Your instructions -
Since pictures are not part of the copy, please output only the lines from the one with "Jamieson Vita-Vim Kids" through the end of the data below, exactly as written.
┄┄┄┄┄┄
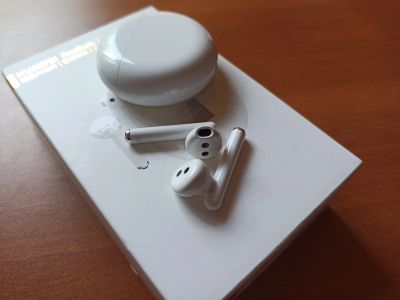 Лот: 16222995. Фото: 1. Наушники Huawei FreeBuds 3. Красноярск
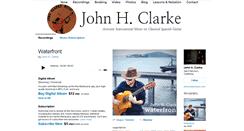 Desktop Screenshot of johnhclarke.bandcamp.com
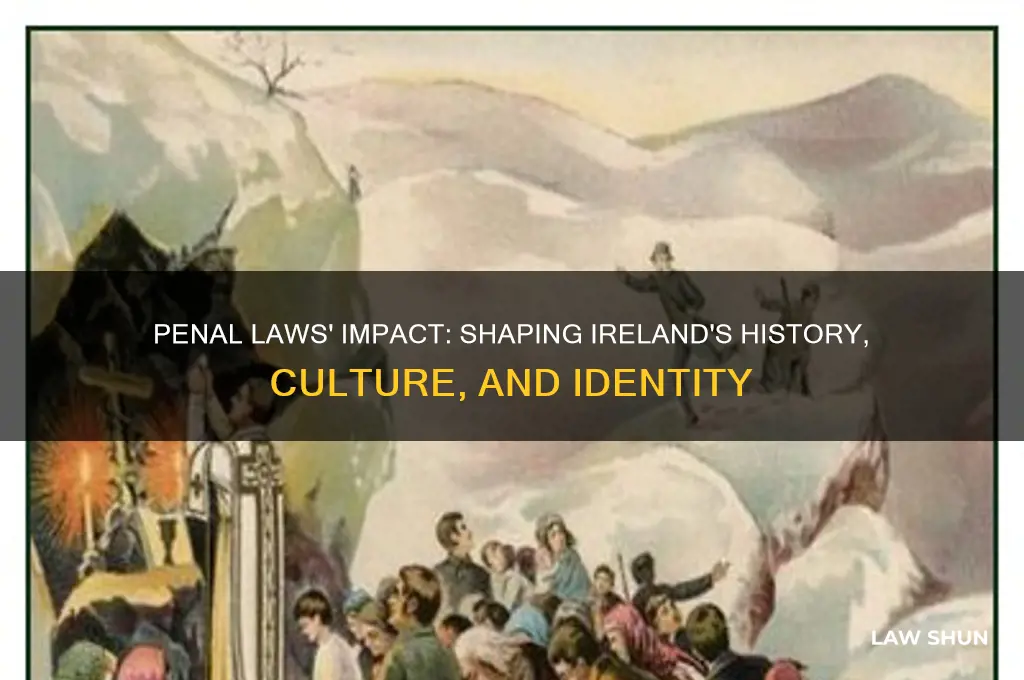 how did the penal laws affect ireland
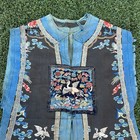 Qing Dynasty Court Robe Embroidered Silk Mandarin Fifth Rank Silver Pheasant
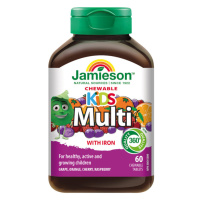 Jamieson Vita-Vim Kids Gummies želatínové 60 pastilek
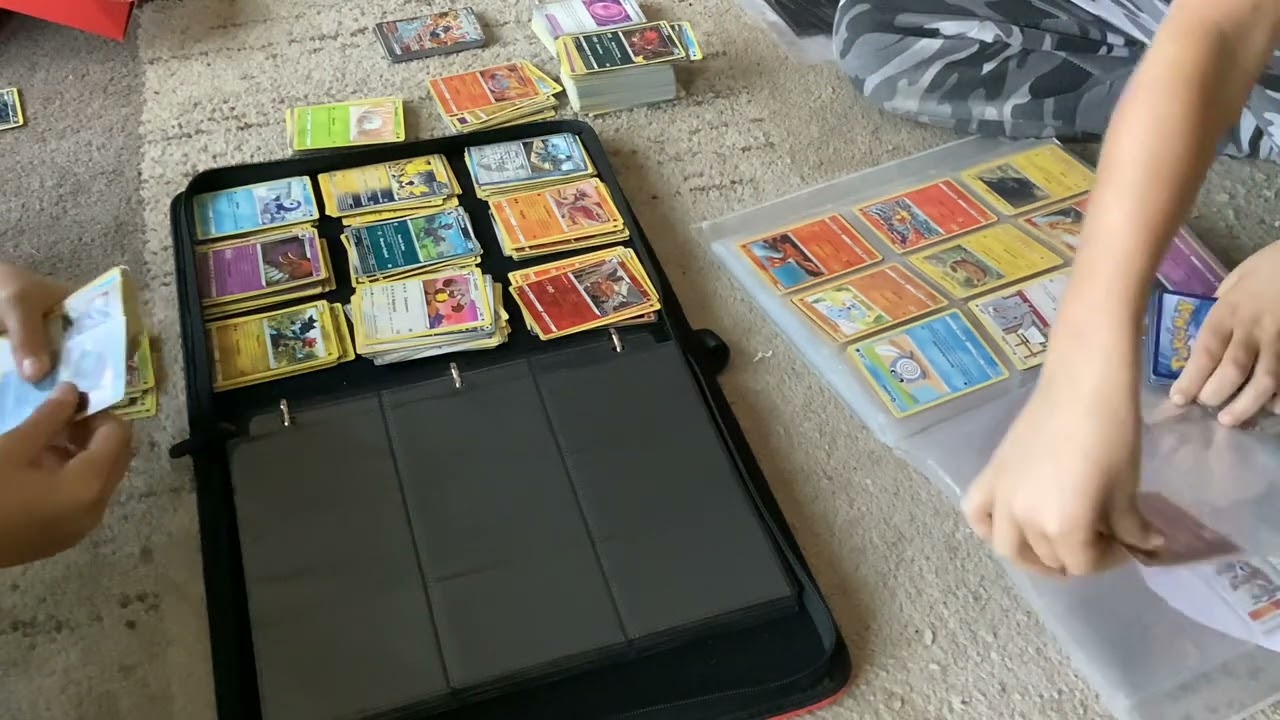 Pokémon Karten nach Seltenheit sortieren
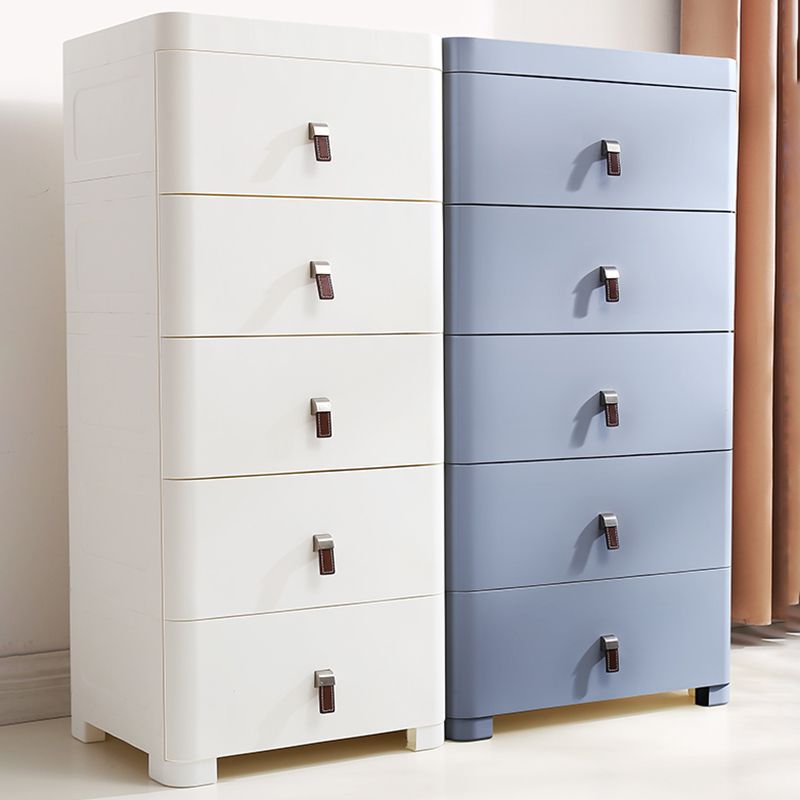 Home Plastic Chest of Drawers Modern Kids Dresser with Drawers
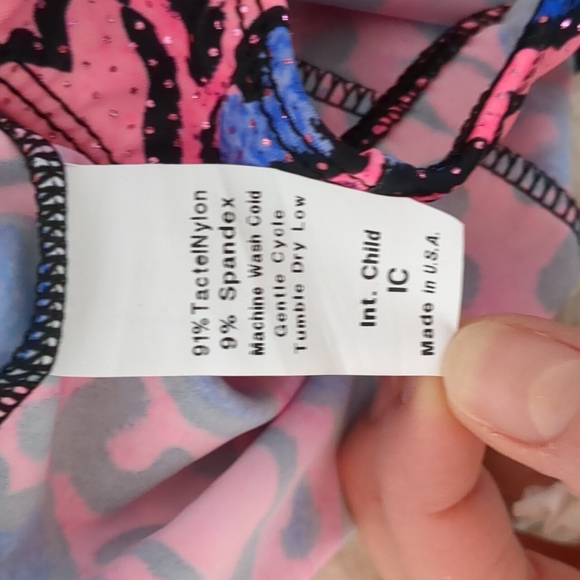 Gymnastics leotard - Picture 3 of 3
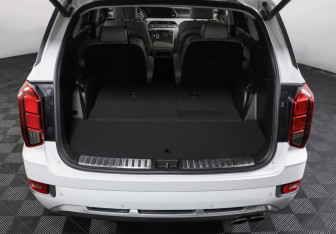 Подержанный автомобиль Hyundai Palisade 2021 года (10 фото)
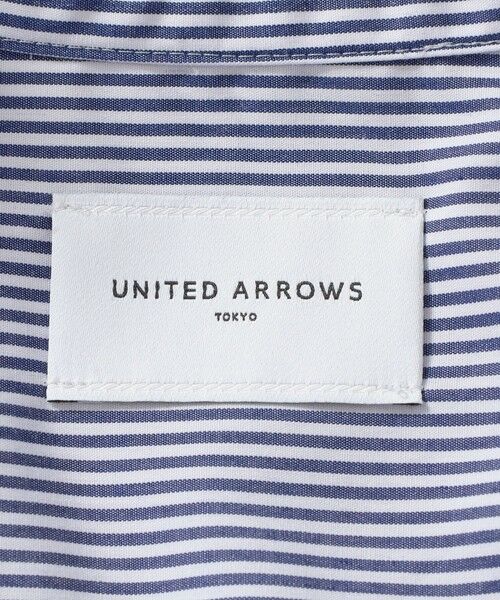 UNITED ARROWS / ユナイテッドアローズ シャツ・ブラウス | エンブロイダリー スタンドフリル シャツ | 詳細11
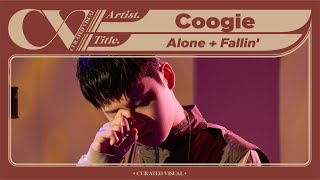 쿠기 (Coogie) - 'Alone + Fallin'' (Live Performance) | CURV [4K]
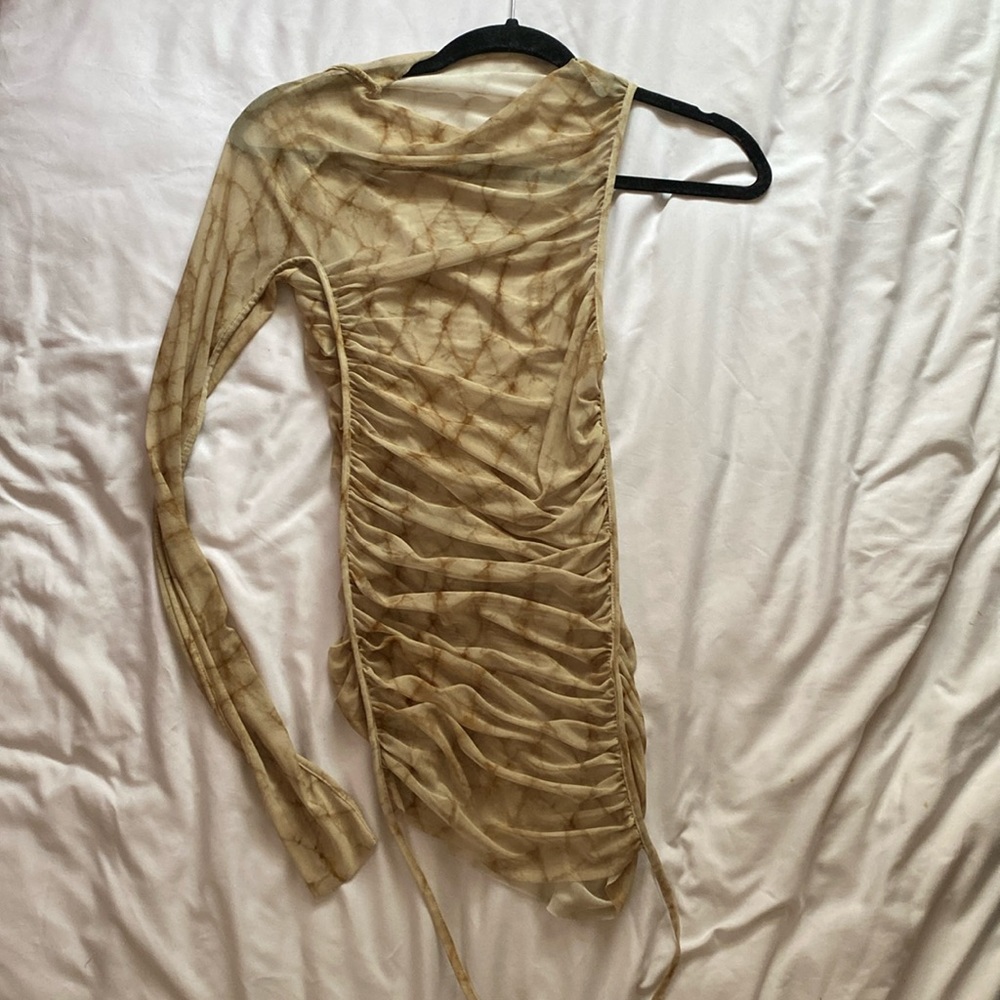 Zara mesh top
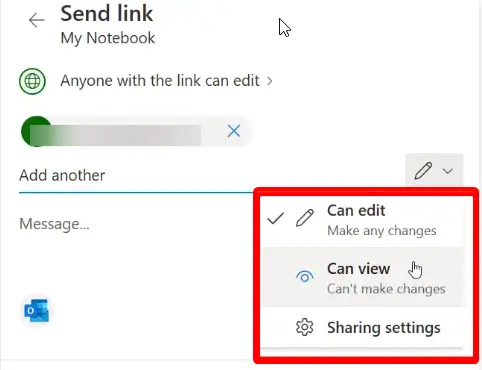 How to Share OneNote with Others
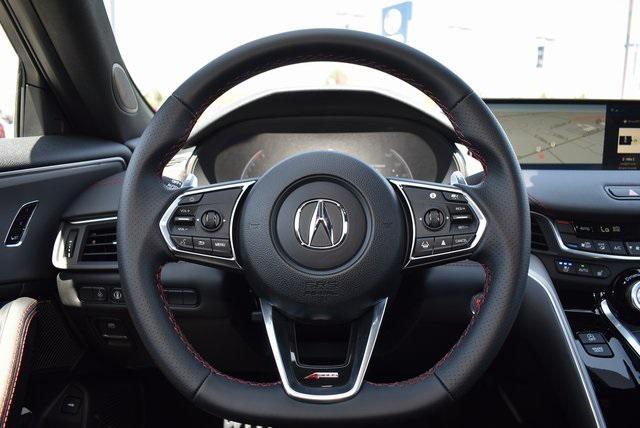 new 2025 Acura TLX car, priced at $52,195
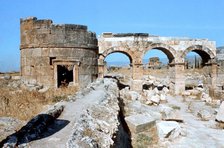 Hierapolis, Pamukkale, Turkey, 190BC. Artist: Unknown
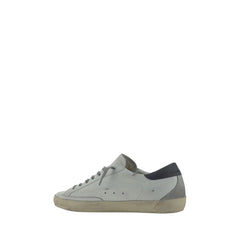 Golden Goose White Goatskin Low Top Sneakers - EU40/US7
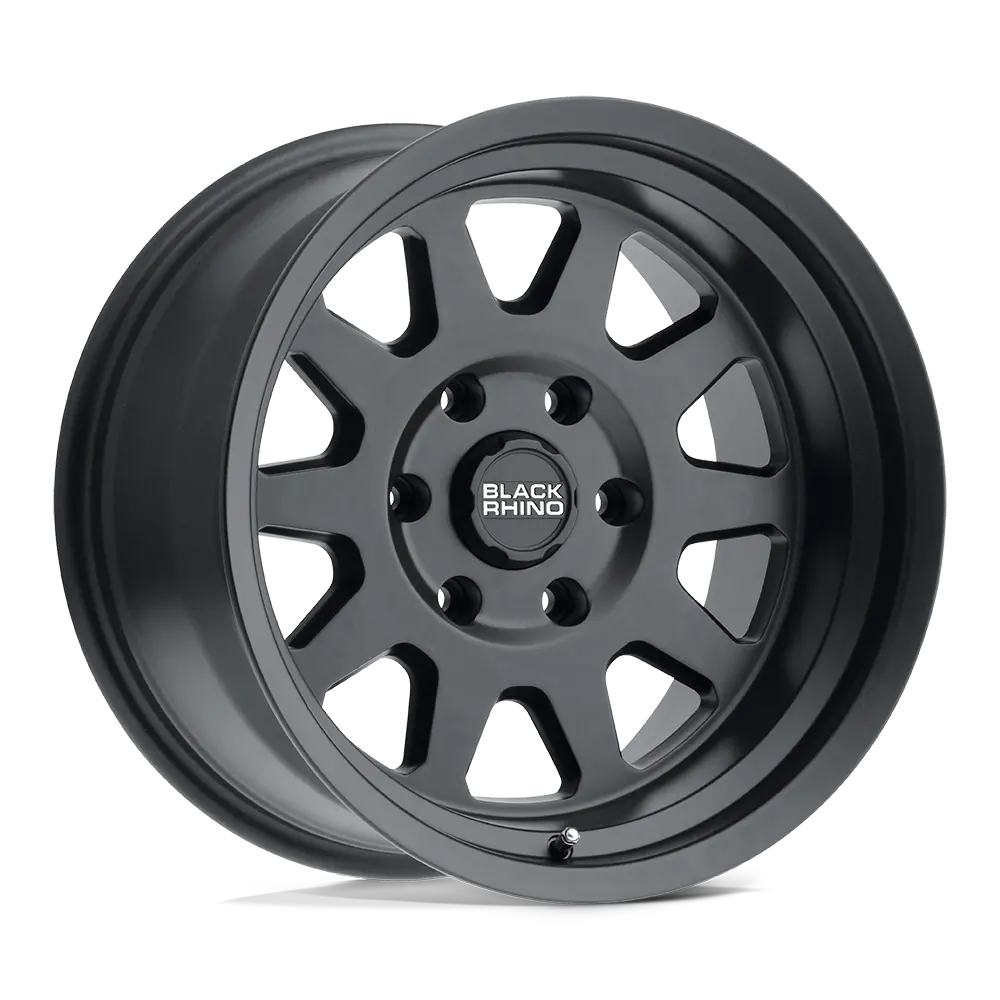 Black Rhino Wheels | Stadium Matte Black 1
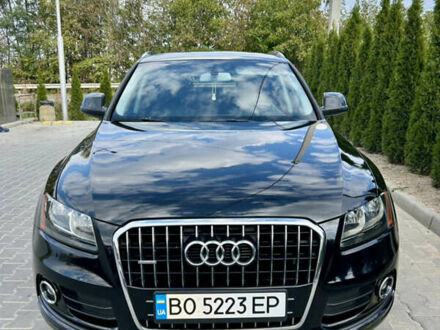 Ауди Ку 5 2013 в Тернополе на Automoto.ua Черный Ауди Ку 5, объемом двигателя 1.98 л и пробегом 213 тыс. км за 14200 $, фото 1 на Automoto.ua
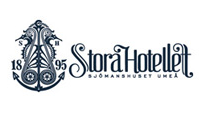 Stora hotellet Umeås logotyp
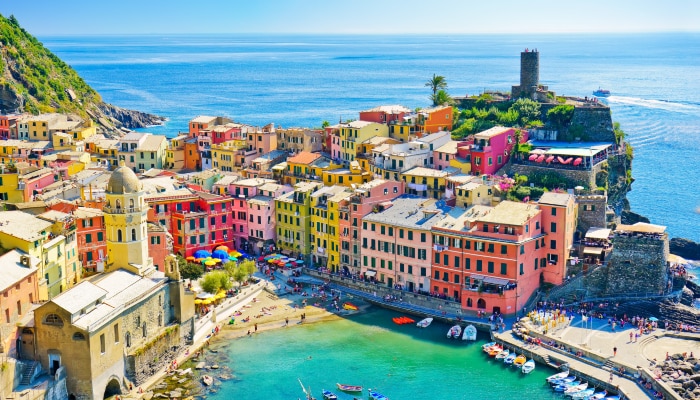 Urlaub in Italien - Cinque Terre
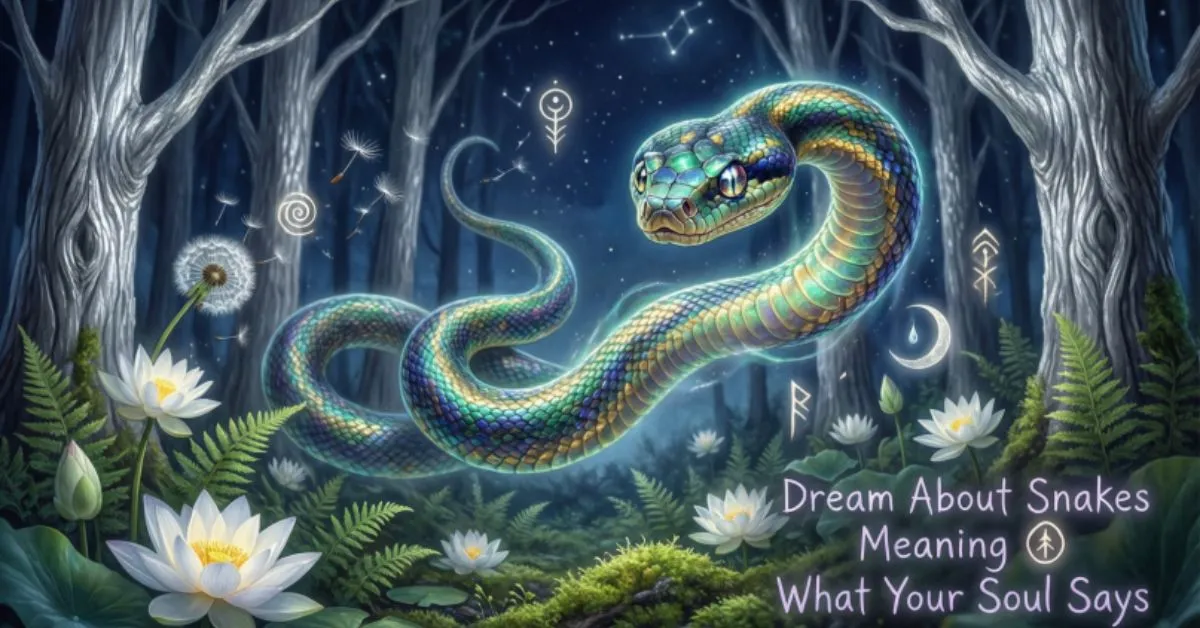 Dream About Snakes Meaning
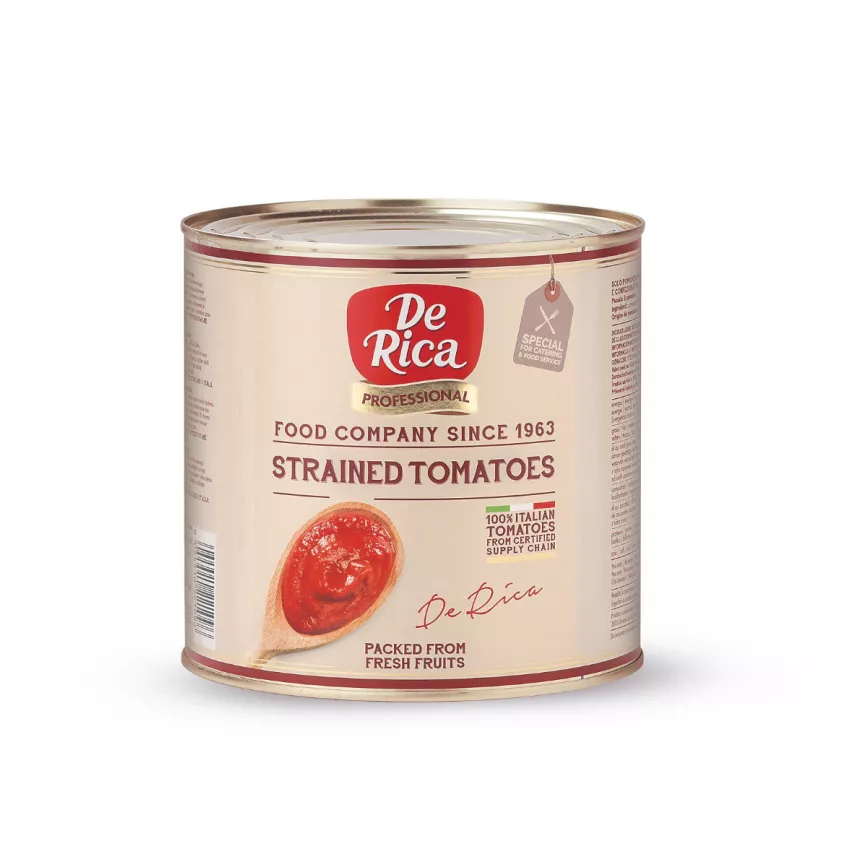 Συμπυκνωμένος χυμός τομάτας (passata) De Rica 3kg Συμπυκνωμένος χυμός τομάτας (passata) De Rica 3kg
┄┄┄┄┄┄
Solution -
 Jamieson Vita-Vim Kids Gummies želatínové 60 pastilek
 Pokémon Karten nach Seltenheit sortieren
 Home Plastic Chest of Drawers Modern Kids Dresser with Drawers
 Gymnastics leotard - Picture 3 of 3
 Подержанный автомобиль Hyundai Palisade 2021 года (10 фото)
 UNITED ARROWS / ユナイテッドアローズ シャツ・ブラウス | エンブロイダリー スタンドフリル シャツ | 詳細11
 쿠기 (Coogie) - 'Alone + Fallin'' (Live Performance) | CURV [4K]
 Zara mesh top
 How to Share OneNote with Others
 new 2025 Acura TLX car, priced at $52,195
 Hierapolis, Pamukkale, Turkey, 190BC. Artist: Unknown
 Golden Goose White Goatskin Low Top Sneakers - EU40/US7
 Black Rhino Wheels | Stadium Matte Black 1
 Ауди Ку 5 2013 в Тернополе на Automoto.ua Черный Ауди Ку 5, объемом двигателя 1.98 л и пробегом 213 тыс. км за 14200 $, фото 1 на Automoto.ua
 Stora hotellet Umeås logotyp
 Urlaub in Italien - Cinque Terre
 Dream About Snakes Meaning
 Συμπυκνωμένος χυμός τομάτας (passata) De Rica 3kg Συμπυκνωμένος χυμός τομάτας (passata) De Rica 3kg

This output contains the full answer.